| WHAT THE TASK REQUIRES |
All of the data is to be written out again exactly, without the pictures.

| RAW DATA |
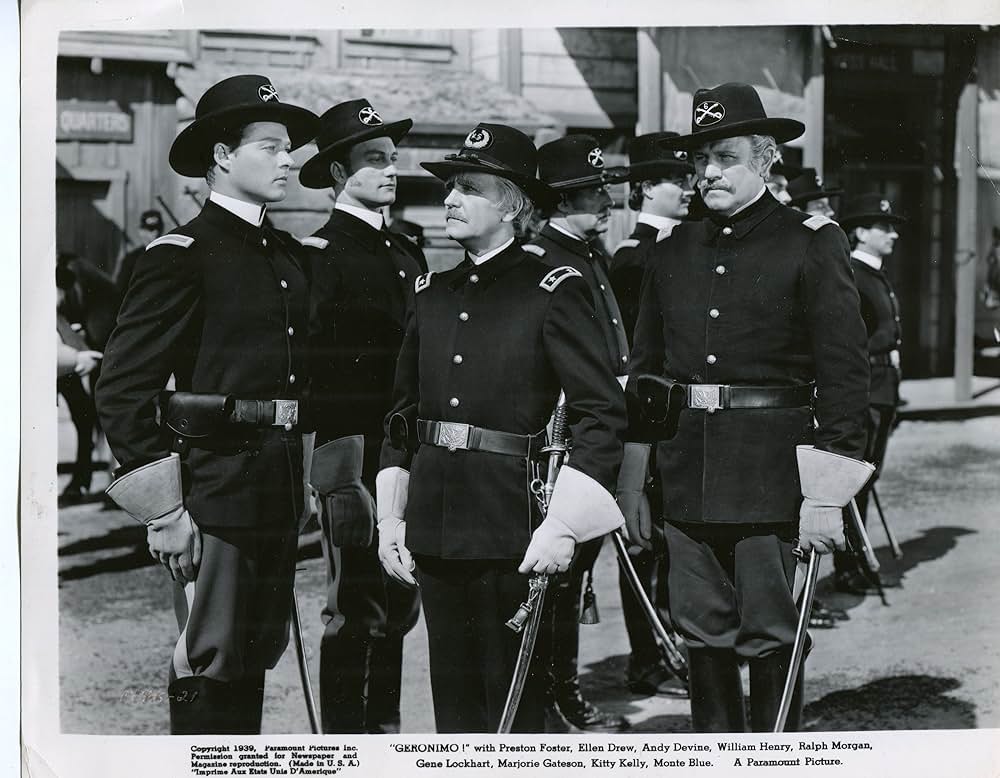 ジェロニモの画像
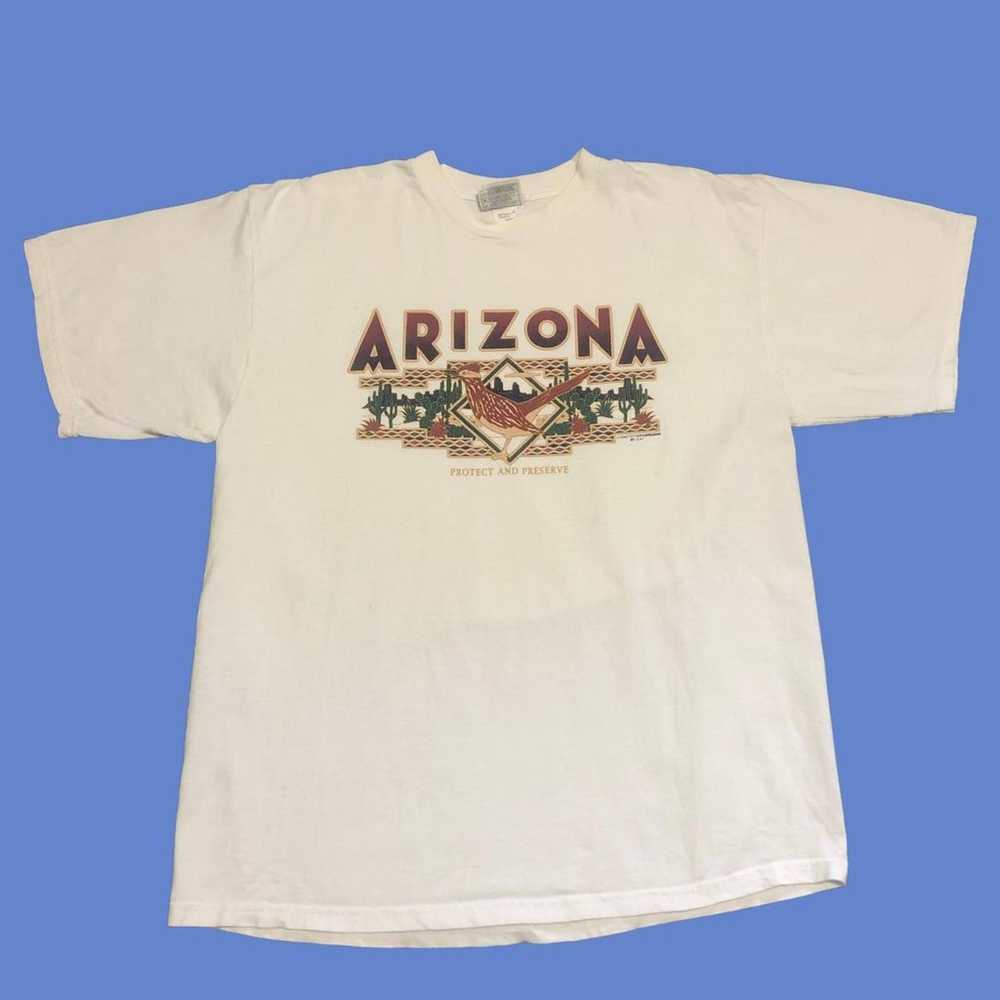 Vintage arizona protect preserve t shirt - image 2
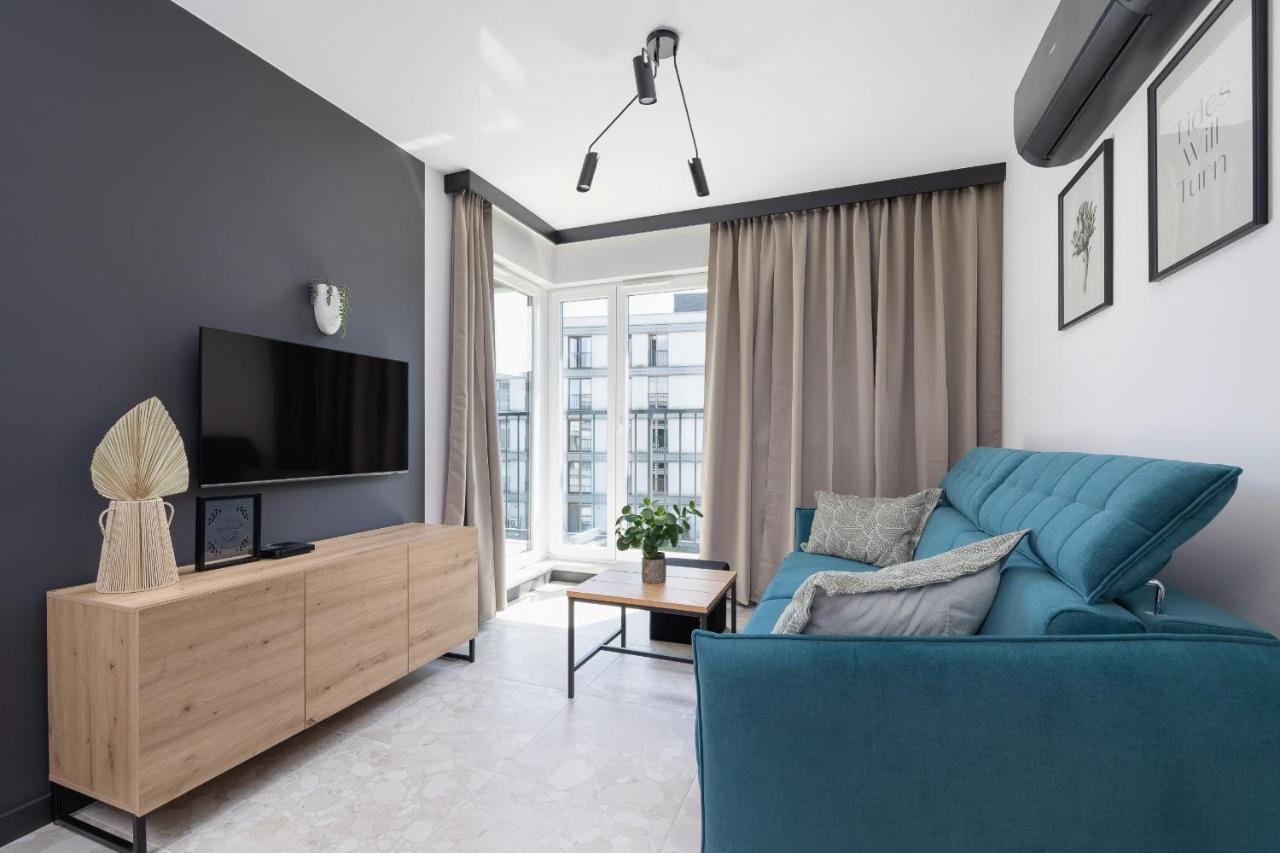 Trendy Studio Masarska Krakow Kazimierz By Renters Prestige Luaran gambar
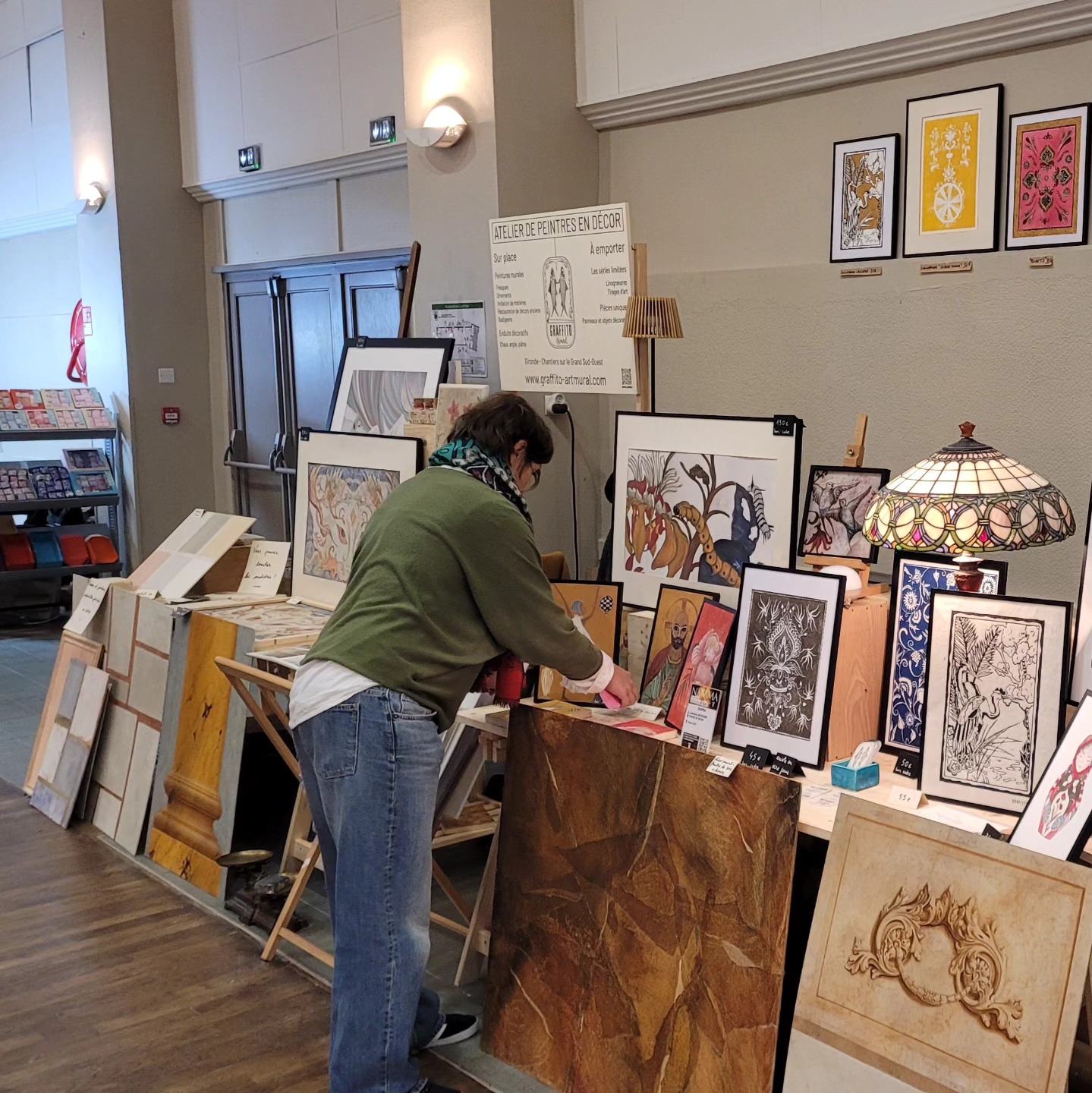 Créatrice de décorations et de bijoux uniques en verre,Le Barp,33114,Nouvelle-Aquitaine,France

| RESULT OF THIS TASK |
 ジェロニモの画像
 Vintage arizona protect preserve t shirt - image 2
 Trendy Studio Masarska Krakow Kazimierz By Renters Prestige Luaran gambar
 Créatrice de décorations et de bijoux uniques en verre,Le Barp,33114,Nouvelle-Aquitaine,France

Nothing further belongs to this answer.